----- Data section
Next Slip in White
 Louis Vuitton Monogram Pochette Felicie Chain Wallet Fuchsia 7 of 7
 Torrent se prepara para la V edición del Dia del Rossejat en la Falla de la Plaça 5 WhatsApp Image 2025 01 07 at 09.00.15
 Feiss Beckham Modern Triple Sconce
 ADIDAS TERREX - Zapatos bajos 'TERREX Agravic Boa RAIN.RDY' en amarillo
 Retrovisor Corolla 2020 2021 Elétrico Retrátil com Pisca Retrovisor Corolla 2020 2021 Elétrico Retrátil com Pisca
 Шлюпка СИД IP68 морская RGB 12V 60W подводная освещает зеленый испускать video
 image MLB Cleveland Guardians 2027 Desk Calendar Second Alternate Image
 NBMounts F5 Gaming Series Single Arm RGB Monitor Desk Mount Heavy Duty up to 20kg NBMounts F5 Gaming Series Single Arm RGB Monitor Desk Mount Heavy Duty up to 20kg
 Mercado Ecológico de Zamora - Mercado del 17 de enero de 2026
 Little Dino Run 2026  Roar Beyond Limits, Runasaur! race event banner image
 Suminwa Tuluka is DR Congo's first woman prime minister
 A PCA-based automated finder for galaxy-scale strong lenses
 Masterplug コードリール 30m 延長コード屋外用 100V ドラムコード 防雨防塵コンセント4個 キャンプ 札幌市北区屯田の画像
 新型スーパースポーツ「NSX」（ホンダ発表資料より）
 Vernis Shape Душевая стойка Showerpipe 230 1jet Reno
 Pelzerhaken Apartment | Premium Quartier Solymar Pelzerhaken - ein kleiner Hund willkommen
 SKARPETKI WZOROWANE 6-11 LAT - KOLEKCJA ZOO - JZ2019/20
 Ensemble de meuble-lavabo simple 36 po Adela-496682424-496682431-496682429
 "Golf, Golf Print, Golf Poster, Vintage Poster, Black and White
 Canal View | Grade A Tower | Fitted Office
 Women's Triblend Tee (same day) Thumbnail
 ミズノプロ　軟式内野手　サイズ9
----------
*Assignment*:
Both the first line of the records above and the line containing "Ensemble de meuble-lavabo" are to be transcribed exactly, together with every line between them, and nothing else.

*Finished exercise*:
Next Slip in White
 Louis Vuitton Monogram Pochette Felicie Chain Wallet Fuchsia 7 of 7
 Torrent se prepara para la V edición del Dia del Rossejat en la Falla de la Plaça 5 WhatsApp Image 2025 01 07 at 09.00.15
 Feiss Beckham Modern Triple Sconce
 ADIDAS TERREX - Zapatos bajos 'TERREX Agravic Boa RAIN.RDY' en amarillo
 Retrovisor Corolla 2020 2021 Elétrico Retrátil com Pisca Retrovisor Corolla 2020 2021 Elétrico Retrátil com Pisca
 Шлюпка СИД IP68 морская RGB 12V 60W подводная освещает зеленый испускать video
 image MLB Cleveland Guardians 2027 Desk Calendar Second Alternate Image
 NBMounts F5 Gaming Series Single Arm RGB Monitor Desk Mount Heavy Duty up to 20kg NBMounts F5 Gaming Series Single Arm RGB Monitor Desk Mount Heavy Duty up to 20kg
 Mercado Ecológico de Zamora - Mercado del 17 de enero de 2026
 Little Dino Run 2026  Roar Beyond Limits, Runasaur! race event banner image
 Suminwa Tuluka is DR Congo's first woman prime minister
 A PCA-based automated finder for galaxy-scale strong lenses
 Masterplug コードリール 30m 延長コード屋外用 100V ドラムコード 防雨防塵コンセント4個 キャンプ 札幌市北区屯田の画像
 新型スーパースポーツ「NSX」（ホンダ発表資料より）
 Vernis Shape Душевая стойка Showerpipe 230 1jet Reno
 Pelzerhaken Apartment | Premium Quartier Solymar Pelzerhaken - ein kleiner Hund willkommen
 SKARPETKI WZOROWANE 6-11 LAT - KOLEKCJA ZOO - JZ2019/20
 Ensemble de meuble-lavabo simple 36 po Adela-496682424-496682431-496682429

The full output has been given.